OBJECTIVE: Ovarian and testicular tissue cryopreservation are the only fertility preservation options for sexually immature individuals. Because of their experimental nature, it is important to determine safety and possible bundling with other medicallyindicated procedures. STUDY DESIGN: Prospective observational. RESULTS: Cryopreservation indications included cancer in 75 % of females and 50 % of males, while non-cancer indications included various hematological conditions. Similar numbers of females (12/28) and males (3/9) underwent prior chemotherapy. Females underwent laparoscopic (27/28) or robotic (1/28) approaches while incisional biopsy was used in males. Bundling of ovarian and testicular harvesting with other medicallyindicated procedures was performed in 42 % and 22 %, respectively. The operative time inclusive of bundled procedures was similar (1.6 ± 0.1 vs. 0.9 ± 0.3 h) but the discharge time was significantly longer for females than males (10.4 ± 0.6 vs. 4.6 ± 0.6 h, p<0.05) due to frequent bundling of medically-indicated procedures in females. All procedures were successfully completed without complications or significant blood loss. CONCLUSIONS: Pediatric gonadal tissue cryopreservation can be combined with other medically-indicated procedures to minimize the potential inconvenience, additional anesthetic risks, and costs.

Association of BRCA1 mutations with occult primary ovarian insufficiency: a possible explanation for the link between infertility and breast/ovarian cancer risks.

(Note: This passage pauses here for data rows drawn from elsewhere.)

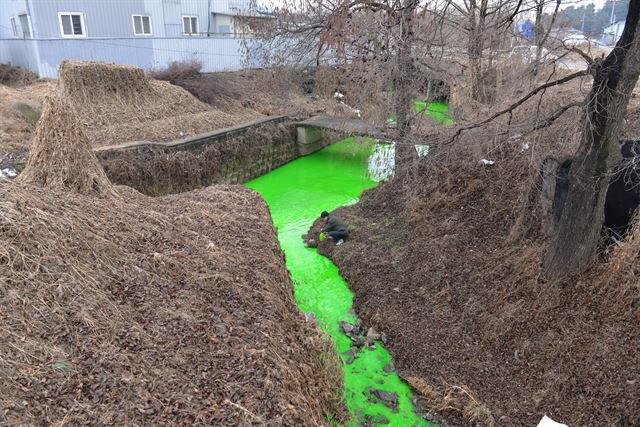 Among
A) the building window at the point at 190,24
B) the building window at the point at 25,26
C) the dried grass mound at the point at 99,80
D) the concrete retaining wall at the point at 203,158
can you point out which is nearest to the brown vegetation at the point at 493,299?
the concrete retaining wall at the point at 203,158

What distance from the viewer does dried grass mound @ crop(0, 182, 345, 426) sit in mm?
3309

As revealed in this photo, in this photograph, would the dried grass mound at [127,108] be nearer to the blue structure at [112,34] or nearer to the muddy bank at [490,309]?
the blue structure at [112,34]

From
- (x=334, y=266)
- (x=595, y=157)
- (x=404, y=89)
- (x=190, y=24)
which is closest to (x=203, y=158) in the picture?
(x=334, y=266)

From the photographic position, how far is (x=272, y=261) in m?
5.90

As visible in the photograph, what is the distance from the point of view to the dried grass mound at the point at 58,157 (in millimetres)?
6207

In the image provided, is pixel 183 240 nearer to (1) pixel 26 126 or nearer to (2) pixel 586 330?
(2) pixel 586 330

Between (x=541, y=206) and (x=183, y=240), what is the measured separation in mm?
5183

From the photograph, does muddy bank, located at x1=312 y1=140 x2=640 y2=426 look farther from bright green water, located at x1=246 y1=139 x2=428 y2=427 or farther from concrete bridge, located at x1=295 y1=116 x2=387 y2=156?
concrete bridge, located at x1=295 y1=116 x2=387 y2=156

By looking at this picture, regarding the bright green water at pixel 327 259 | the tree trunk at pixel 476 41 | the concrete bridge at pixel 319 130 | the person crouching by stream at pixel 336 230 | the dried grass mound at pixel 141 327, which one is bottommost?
the bright green water at pixel 327 259

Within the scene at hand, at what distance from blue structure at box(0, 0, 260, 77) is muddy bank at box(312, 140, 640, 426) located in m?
9.11

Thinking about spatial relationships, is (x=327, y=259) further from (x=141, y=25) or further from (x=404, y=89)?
Answer: (x=141, y=25)

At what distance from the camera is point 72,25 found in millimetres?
17438

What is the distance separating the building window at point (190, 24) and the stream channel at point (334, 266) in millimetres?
9525

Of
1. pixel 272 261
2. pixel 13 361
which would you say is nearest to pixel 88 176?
pixel 272 261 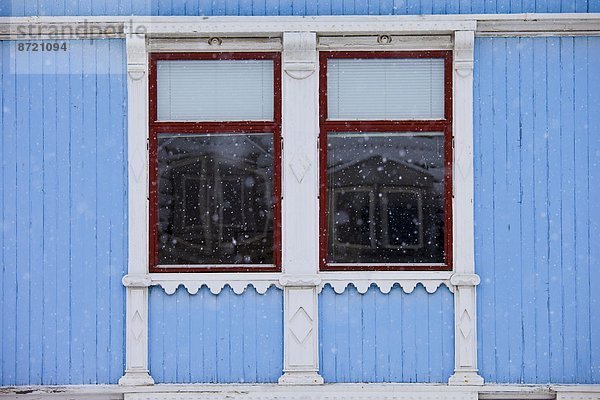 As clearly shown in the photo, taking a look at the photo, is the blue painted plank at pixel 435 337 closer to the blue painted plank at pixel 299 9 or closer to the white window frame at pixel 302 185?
the white window frame at pixel 302 185

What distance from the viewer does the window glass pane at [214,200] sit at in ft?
25.8

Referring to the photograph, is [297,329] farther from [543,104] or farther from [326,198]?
[543,104]

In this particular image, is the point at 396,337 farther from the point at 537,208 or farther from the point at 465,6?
the point at 465,6

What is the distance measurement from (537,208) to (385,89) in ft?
5.30

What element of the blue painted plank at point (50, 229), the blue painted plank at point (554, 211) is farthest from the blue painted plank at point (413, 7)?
the blue painted plank at point (50, 229)

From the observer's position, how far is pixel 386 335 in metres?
7.81

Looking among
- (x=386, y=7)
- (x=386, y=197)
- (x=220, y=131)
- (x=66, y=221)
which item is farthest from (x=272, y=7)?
(x=66, y=221)

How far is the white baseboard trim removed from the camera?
7.73m

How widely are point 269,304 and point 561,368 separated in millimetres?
2504

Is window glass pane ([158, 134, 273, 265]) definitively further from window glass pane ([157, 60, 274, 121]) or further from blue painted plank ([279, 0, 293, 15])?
blue painted plank ([279, 0, 293, 15])

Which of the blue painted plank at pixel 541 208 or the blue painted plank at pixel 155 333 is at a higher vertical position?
the blue painted plank at pixel 541 208

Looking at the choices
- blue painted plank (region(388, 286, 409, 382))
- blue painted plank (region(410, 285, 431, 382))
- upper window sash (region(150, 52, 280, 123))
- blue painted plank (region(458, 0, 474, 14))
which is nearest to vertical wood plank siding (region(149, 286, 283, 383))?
blue painted plank (region(388, 286, 409, 382))

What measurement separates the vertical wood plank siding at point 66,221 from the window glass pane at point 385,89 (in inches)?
71.4

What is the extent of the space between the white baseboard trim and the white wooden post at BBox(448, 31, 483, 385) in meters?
0.16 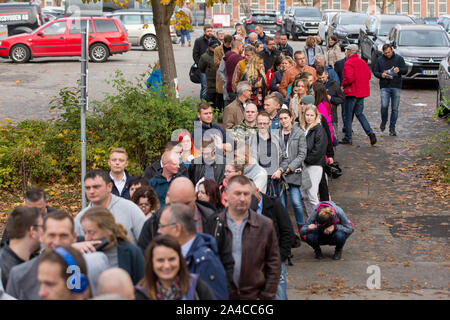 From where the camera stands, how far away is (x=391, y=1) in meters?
81.1

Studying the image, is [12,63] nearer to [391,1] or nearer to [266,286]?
[266,286]

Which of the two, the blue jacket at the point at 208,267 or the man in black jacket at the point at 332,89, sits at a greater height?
the man in black jacket at the point at 332,89

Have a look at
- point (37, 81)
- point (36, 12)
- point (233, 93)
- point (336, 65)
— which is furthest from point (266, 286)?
point (36, 12)

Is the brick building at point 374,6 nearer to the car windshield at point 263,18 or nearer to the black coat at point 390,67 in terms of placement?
the car windshield at point 263,18

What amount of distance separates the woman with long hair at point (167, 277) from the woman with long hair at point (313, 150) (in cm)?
606

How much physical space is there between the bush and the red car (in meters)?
16.3

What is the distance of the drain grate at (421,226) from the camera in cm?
1100

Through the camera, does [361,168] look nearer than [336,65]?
Yes

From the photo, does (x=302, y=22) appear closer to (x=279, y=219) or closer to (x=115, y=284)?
(x=279, y=219)

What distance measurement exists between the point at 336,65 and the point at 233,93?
292 cm

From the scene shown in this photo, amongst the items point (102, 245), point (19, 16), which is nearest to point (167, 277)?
point (102, 245)

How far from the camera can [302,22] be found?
144 feet

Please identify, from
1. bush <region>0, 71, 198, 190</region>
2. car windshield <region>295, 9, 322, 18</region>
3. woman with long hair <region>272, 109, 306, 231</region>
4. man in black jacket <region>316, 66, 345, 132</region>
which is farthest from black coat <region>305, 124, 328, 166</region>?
car windshield <region>295, 9, 322, 18</region>

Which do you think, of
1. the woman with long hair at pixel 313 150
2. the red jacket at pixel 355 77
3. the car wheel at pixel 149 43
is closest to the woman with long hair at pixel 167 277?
the woman with long hair at pixel 313 150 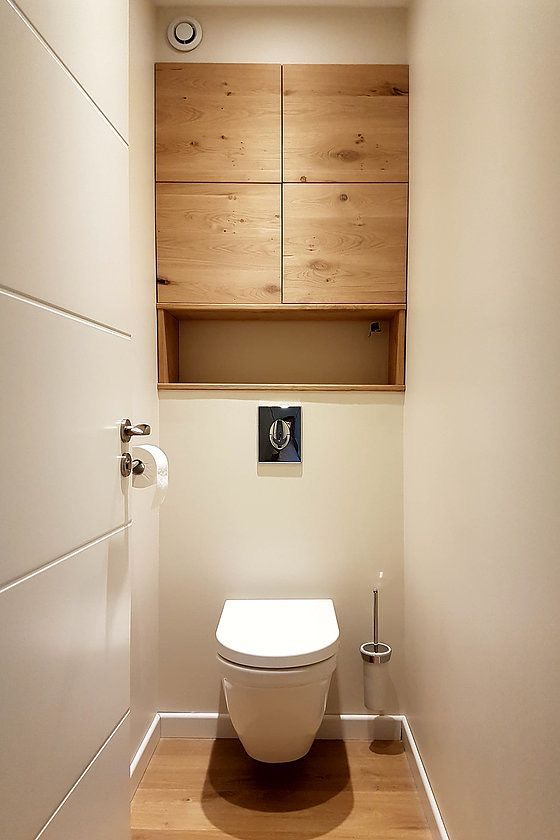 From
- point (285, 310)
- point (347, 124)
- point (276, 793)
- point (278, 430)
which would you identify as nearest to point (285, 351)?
point (285, 310)

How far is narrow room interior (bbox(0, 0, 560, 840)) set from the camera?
1055 mm

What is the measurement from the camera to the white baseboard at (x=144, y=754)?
2057mm

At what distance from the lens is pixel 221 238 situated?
7.89 feet

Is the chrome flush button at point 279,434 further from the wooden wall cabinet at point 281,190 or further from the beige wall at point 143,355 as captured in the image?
the beige wall at point 143,355

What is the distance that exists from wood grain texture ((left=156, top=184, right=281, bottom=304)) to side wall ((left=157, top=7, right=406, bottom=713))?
0.43 meters

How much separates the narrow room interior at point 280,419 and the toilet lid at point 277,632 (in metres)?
0.01

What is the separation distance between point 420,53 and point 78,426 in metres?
1.77

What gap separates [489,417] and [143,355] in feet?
3.99

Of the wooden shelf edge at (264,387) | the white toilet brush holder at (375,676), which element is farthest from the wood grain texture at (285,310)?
the white toilet brush holder at (375,676)

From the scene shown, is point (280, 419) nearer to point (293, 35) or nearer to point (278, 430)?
point (278, 430)

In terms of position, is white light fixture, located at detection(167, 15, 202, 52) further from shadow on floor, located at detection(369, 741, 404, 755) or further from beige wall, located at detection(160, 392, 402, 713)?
shadow on floor, located at detection(369, 741, 404, 755)

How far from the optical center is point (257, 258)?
2.40 m

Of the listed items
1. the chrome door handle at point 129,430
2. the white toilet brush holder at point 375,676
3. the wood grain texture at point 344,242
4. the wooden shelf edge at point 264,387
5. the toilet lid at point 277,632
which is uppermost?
the wood grain texture at point 344,242

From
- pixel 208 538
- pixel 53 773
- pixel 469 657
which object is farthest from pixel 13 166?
pixel 208 538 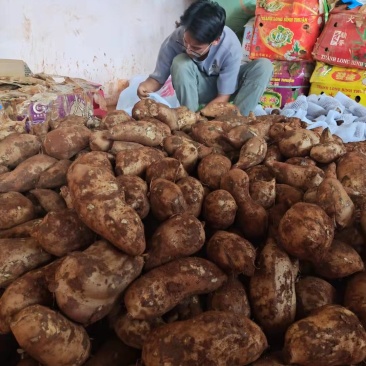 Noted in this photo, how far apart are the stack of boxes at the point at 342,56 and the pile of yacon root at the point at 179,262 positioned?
308 cm

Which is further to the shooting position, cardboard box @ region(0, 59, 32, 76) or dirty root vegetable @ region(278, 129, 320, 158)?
cardboard box @ region(0, 59, 32, 76)

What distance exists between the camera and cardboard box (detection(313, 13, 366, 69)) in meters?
4.03

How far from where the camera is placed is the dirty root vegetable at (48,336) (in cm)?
84

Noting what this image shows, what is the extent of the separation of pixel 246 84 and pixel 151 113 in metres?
2.09

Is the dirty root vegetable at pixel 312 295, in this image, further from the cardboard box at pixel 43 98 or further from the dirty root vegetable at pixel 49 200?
the cardboard box at pixel 43 98

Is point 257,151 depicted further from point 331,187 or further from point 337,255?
point 337,255

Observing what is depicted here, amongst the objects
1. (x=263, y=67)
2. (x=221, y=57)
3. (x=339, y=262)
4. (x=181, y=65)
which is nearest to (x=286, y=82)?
(x=263, y=67)

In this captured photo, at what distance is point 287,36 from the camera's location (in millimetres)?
4391

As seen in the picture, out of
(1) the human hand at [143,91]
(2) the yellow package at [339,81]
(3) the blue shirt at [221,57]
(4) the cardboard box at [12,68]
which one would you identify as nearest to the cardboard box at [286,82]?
(2) the yellow package at [339,81]

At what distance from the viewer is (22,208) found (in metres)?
1.22

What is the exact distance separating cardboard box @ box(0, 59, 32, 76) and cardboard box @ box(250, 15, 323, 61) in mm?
2530

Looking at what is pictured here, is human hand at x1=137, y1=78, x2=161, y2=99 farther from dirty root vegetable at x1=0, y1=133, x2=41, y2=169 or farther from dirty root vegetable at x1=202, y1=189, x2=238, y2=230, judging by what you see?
dirty root vegetable at x1=202, y1=189, x2=238, y2=230

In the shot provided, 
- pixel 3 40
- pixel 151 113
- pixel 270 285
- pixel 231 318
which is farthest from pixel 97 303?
pixel 3 40

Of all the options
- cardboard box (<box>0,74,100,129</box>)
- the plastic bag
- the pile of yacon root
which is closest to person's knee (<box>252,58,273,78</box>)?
the plastic bag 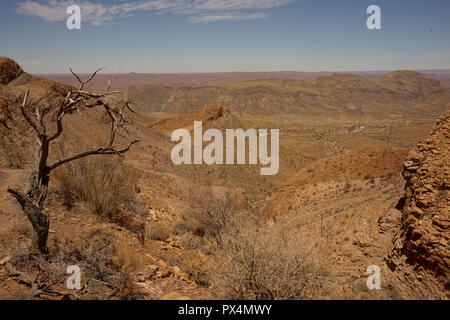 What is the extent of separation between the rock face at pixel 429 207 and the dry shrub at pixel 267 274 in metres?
2.10

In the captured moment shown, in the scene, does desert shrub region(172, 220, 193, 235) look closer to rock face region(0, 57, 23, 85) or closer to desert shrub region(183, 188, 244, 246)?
desert shrub region(183, 188, 244, 246)

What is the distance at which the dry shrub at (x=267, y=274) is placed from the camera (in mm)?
3924

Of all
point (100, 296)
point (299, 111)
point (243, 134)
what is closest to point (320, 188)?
point (100, 296)

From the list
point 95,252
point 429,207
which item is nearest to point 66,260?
point 95,252

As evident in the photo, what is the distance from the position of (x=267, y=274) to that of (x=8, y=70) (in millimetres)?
43139

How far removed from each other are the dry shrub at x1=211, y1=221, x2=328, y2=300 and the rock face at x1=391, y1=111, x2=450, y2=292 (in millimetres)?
2098

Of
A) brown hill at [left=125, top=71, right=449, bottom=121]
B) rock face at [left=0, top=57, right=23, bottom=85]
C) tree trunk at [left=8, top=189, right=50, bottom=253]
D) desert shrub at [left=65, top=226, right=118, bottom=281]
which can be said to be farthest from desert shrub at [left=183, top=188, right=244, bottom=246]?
brown hill at [left=125, top=71, right=449, bottom=121]

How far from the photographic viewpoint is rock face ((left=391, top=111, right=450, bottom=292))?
4867 millimetres

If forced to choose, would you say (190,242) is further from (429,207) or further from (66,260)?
(429,207)

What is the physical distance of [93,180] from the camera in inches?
285

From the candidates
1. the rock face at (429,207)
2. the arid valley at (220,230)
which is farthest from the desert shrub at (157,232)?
the rock face at (429,207)

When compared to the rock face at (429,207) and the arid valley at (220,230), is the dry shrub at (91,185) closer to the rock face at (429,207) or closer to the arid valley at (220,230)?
the arid valley at (220,230)

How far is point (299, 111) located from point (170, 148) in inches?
2438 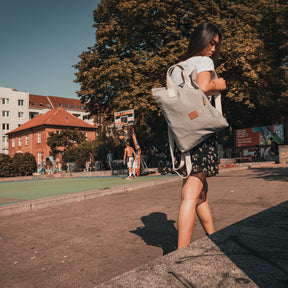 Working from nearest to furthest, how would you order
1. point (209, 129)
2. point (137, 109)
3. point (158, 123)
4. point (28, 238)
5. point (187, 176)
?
point (209, 129), point (187, 176), point (28, 238), point (137, 109), point (158, 123)

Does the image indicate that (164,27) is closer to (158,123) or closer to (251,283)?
(158,123)

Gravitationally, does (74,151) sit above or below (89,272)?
above

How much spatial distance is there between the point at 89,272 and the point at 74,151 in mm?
26536

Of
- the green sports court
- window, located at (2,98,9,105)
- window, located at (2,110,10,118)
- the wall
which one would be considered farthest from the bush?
window, located at (2,98,9,105)

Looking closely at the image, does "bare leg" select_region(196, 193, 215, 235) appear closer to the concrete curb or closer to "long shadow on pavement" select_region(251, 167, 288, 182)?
the concrete curb

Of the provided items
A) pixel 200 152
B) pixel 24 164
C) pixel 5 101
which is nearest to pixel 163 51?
pixel 24 164

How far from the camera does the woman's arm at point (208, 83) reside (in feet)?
7.95

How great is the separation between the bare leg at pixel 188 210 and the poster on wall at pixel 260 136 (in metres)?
21.6

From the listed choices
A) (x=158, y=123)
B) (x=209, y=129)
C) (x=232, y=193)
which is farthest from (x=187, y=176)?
(x=158, y=123)

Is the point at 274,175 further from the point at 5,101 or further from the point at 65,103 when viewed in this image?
the point at 65,103

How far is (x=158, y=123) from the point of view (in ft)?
80.6

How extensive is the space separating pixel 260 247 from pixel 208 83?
1.27m

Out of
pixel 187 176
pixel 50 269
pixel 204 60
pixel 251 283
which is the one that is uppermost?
pixel 204 60

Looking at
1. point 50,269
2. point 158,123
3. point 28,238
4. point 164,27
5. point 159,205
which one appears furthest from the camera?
point 158,123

PURPOSE: Germline mutations in BRCA genes are associated with breast and ovarian cancer susceptibility. Because infertility is associated with breast and ovarian cancer risks, we hypothesized that the mutations in the BRCA gene may be associated with low response to fertility treatments. METHODS: We performed ovarian stimulation in 126 women with breast cancer by using letrozole and gonadotropins for the purpose of fertility preservation by embryo or oocyte cryopreservation. As surrogates of ovarian reserve, the oocyte yield and the incidence of low response were compared with ovarian stimulation according to BRCA mutation status. RESULTS: Of the 82 women who met the inclusion criteria, 47 women (57%) had undergone BRCA testing, and 14 had a mutation in BRCA genes, of which two were of clinically undetermined significance. In BRCA mutation-positive patients, low ovarian response rate was significantly higher compared with BRCA mutation-negative patients (33.3 v 3.3%; P = .014) and with BRCA-untested women (2.9%; P = .012). All BRCA mutation-positive low responders had BRCA1 mutations, but low response was not encountered in women who were only BRCA2 mutation positive. Compared with controls, BRCA1 mutation- but not BRCA2 mutation-positive women produced lower numbers of eggs (7.4 [95% CI, 3.1 to 17.7] v 12.4 [95% CI, 10.8 to 14.2]; P = .025) and had as many as 38.3 times the odds ratio of low response (95% CI, 4.1 to 353.4; P = .001). CONCLUSION: BRCA1 mutations are associated with occult primary ovarian insufficiency. This finding may, at least in part, explain the link between infertility and breast/ovarian cancer risks.